I'm wondering a few things:
Background
I've got a machine with 2 HDDs (Each 500GB SATA). /dev/sda contains nothing but an infrequently used Windows10 for gaming. /dev/sdb contains my current Gentoo + Systemd + KDE install, booted via Grub2. Due to the age of my install - 3+ years, my Partition Map(seen below) is "old style" MS-DOS, I.e no more than 4 primary partitions, with a DOS style MBR - non UEFI.

Questions
- I'd like to know if it's possible to convert this layout to LVM without data loss, and if so, how do I do it?
- I'd like to put the files in my
/homedirectory on a separate partition. Should I do this before I start #1? Do I shrink/copy/mount, or just mount/homein the empty space I create? - After creating all this, I'd like to treat 1 and 2 together as a Volume. Is that possible?
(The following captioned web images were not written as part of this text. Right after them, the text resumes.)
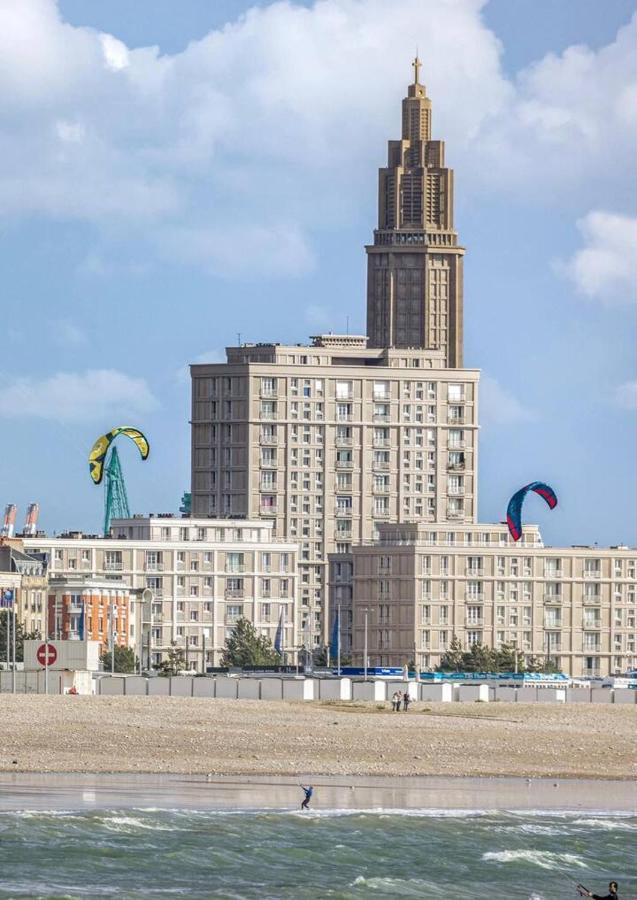 Appartement Louise Le Havre Buitenkant foto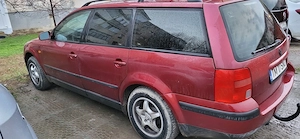 VW Passat B5 Break 1.6 Benzină   Acte la zi   Mașină bună de familie - imagine 8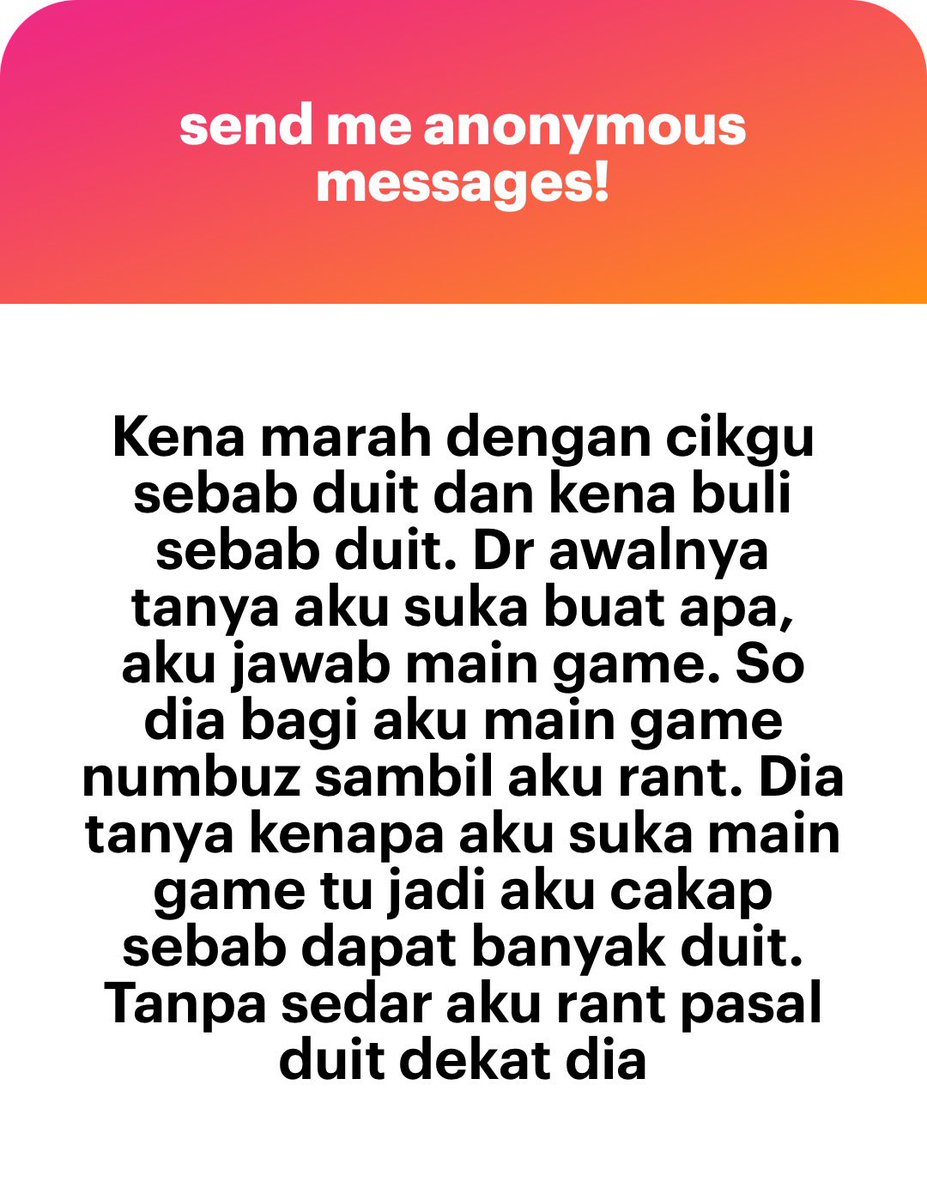 meinmokhtar's tweet photo. Nak tanya pasal apps tapi dia punya opening 💯 https://t.co/Qy087ahZ7O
- Is there anything I need to do differently, in order to boot it when finished?
Update
While attempting the accepted answer below, I lost all data. I want it known that this was due to user error and inexperience with LVM, and not because the answer was incorrect. I answered yes when I should have answered no, like so, and wiped the signature off of my root partition. After doing so, I started over, and my system now looks like: so:
# /etc/fstab: static file system information.
# Extraneous comments removed
#
# <fs> <mountpoint> <type> <opts> <dump/pass>
# NOTE: If your BOOT partition is ReiserFS, add the notail option to opts.
/dev/sdb1 /boot ext4 noauto,noatime 1 2
/dev/gentoo/root / btrfs noatime 0 1
/dev/gentoo/home /home btrfs noatime 0 0
/dev/gentoo/swap none swap sw 0 0
/dev/cdrom /mnt/cdrom auto noauto,ro 0 0
/dev/fd0 /mnt/floppy auto noauto 0 0
# glibc 2.2 and above expects tmpfs to be mounted at /dev/shm for
# POSIX shared memory (shm_open, shm_unlink).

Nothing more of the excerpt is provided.